Problem description:
After locating "CLETTE(クレット)の「", return its line and all lines that follow through the end of the listing below, exactly; leave out pictures.
Start of Exercise data
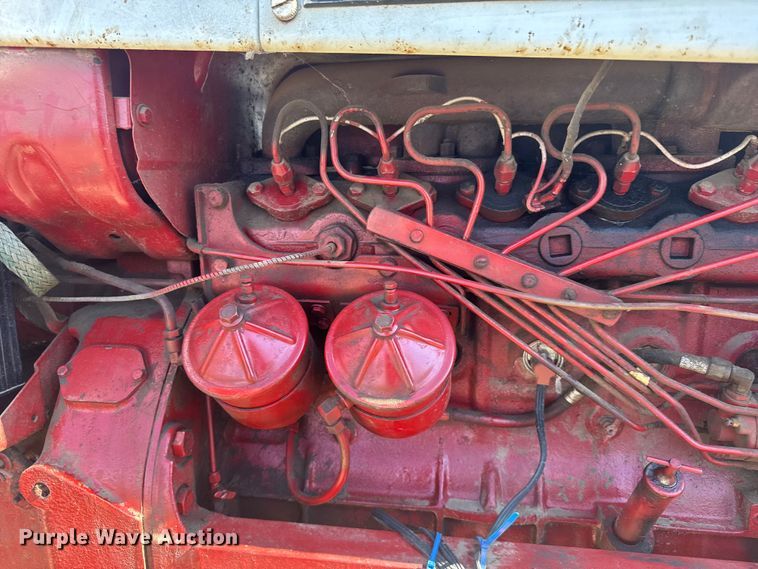 image for item FB0935 1963 Farmall 706 tractor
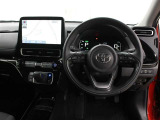 運転席廻りです。
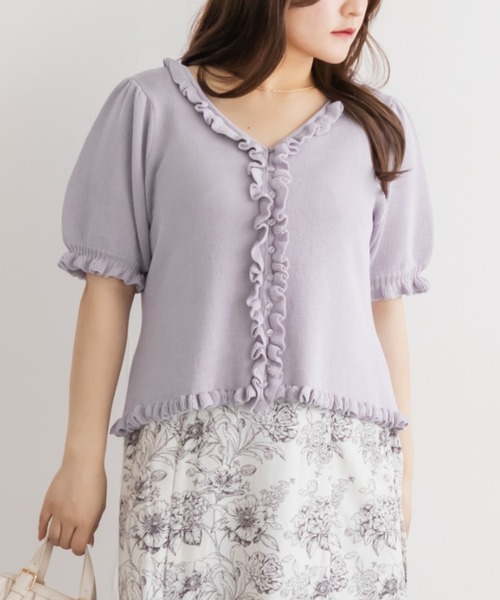 CLETTE(クレット)の「Vネックフリルニット(ニット/セーター・レディース・ラベンダー/ピンク/ブラック・3L/4L/LL)」の3枚目の写真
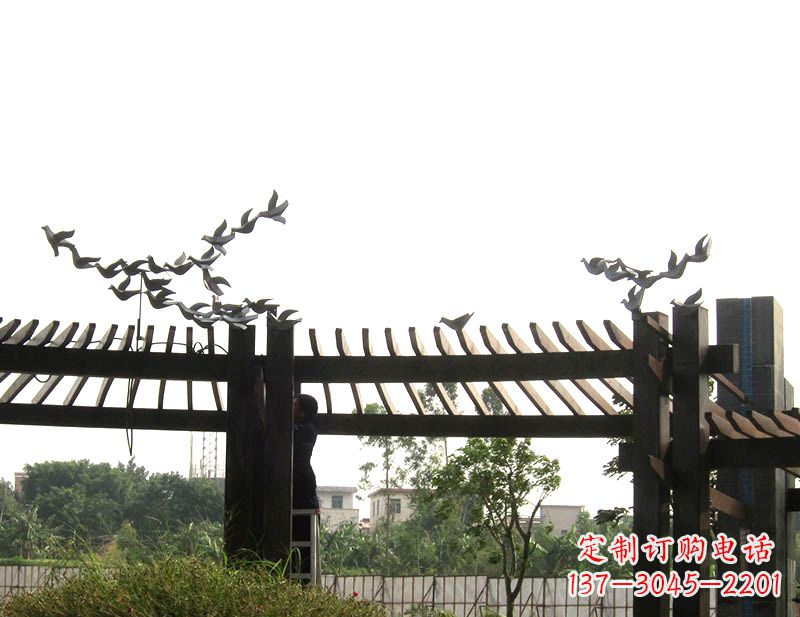 湖北飞翔的鸽子公园园林创意装饰雕塑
End of Exercise data
Response to the task:
 CLETTE(クレット)の「Vネックフリルニット(ニット/セーター・レディース・ラベンダー/ピンク/ブラック・3L/4L/LL)」の3枚目の写真
 湖北飞翔的鸽子公园园林创意装饰雕塑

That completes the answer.